For Abraham Walkowitz art was never less than a religion, and the artistic profession akin to a sacred calling. In 1906 he left New York for Paris, where he fell under the spell of Paul Cézanne, Auguste Rodin, and Henri Matisse, whose work greatly influenced his rendering of the figure.

Walkowitz met Isadora Duncan in Paris, and he was so captivated by her dancing that he made her a central focus of his art. For him, she was the embodiment of the esthetic that drove his work: the notion of the artist as vital creator. Walkowitz was hardly alone in his admiration of Duncan. Numerous artists, from Rodin to John Sloan, depicted her, but Walkowitz, who did more than 3,000 drawings and sketches of his muse over the span of his career, was Duncan’s most devoted interpreter. Duncan herself was quoted as saying, “Walkowitz, you have written my biography in lines without words, I can pass on.”

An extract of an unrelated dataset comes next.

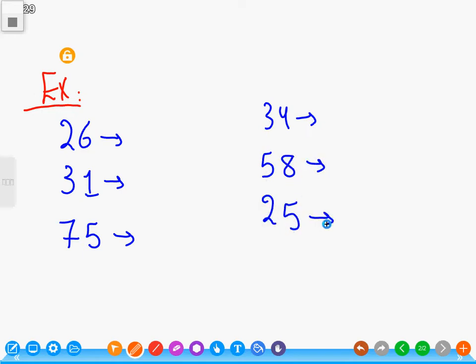Now answer: twenty-six. Six is in the ones place and six is more than five, so we add one to the tens place: two plus one equals three. Cancel the six and write zero.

Documenting Walkowitz’s ability to render the formal as well as expressive powers of Duncan’s unique style of movement, the more than 90 drawings featured in this show reflected the depths and power of his obsession. Looking at the pen-and-ink and pencil-and-watercolor works, it was almost impossible not to sense the passions that motivated this artist. On one level Walkowitz was the consummate fan. He wanted to be true to the form and spirit of Duncan’s performances, to what one eyewitness described as her “natural movements of great sweep and beauty, rounded and complete.” In Isadora Duncan, 1909, he succeeded in giving a vivid portrayal of the intense gestures, the ecstasy, that took hold of her body and then her audience. Still, on another level, Walkowitz remained the consummate Modernist: interested not in imitating an experience but in giving his impression of it. The image of Isadora that emerges is a blend of observation and feeling, the product of objective and subjective determinants, a kind of decoding of the phenomenon that she was.